To get our feet wet, let's try to automate the process of deleting unnecessary log files. This is a good task to start with because deleting files on a server somewhere, especially in an automated fashion that we're not familiar with, should allow for an adequate level of adrenaline in our bloodstream and keep us vigilant for the duration of this blog. As a nice side-effect, we may walk away from this retaining more knowledge than we otherwise would have.

The first step is, obviously, to get Ansible installed, so go ahead and do that now.

But seriously, go and get Ansible installed. You will need it.

Wonderful. Now that you've done that, we have two paths we can take from here. We can start by either executing a series of one-off ansible commands directly on the command line, or we can create a playbook, which is essentially a file that contains groups of Ansible commands to be run in sequence.

Although we can achieve the same results using either approach, for the purpose of this example we'll choose to create a playbook. Doing so will give us something tangible that we can later move into source control, share with others, and continuously improve upon.

Fire up your favorite editor and create a file called clear-logs.yml. Put the following snippet of yaml into that file:


- name: "Delete logs that we for sure 100% won't ever need to look at"
		hosts: localhost
		tasks:
				- name: "Create file"
						file: path=my-ansible-file state=touch

Now before we run this, let's break it down line by line to make sure we understand what's going on.

The first line, beginning with - name: "Delete ..., has a strictly informative purpose: it is a short phrase that communicates to the user what this playbook does. You can change "Delete logs that ..." to any text you'd like. It should clearly communicate what this specific playbook is used for.
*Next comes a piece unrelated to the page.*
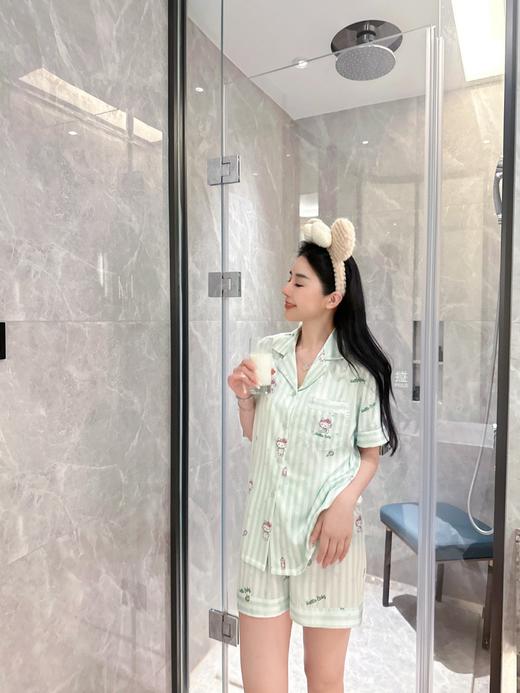 薄款KT条纹睡衣女款夏冰丝薄荷绿短袖可爱甜美可外穿家居服套装 商品图8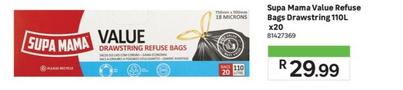 Supa Mama -Value Refuse Bags Drawstring 110l X 20 offers at R 29,99 in Leroy Merlin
The line after that, hosts: localhost, specifies which machine(s) the playbook should target. Note that we are using localhost because we didn't actually create any external machines on which we'd like to operate. I will show you how to operate on external machines shortly.

Line number three, tasks:, simply declares that everything below this line will be a list of tasks (or commands) that should be run on a given machine.

The next line, - name: Create file is the beginning of our one and only task that we currently have in this playbook. It is also informative to the user and meant to communicate what the intent of this specific task is. When the playbook is run, the string you enter here will get printed to the console when this task actually begins running.

Finally, the last line, file: path=my-ansible-file state=touch, is where the "interesting" stuff happens. This line instructs Ansible to use the file module to create (touch) an empty file called my-ansible-file. Note that because we are targeting localhost, the file will be created in the directory from which you will run the playbook.

Now I know that you have gigabytes of juicy data logs that you're anxious to delete, and so far this playbook does not delete anything, but hold on. Let's take small steps so we don't get lost.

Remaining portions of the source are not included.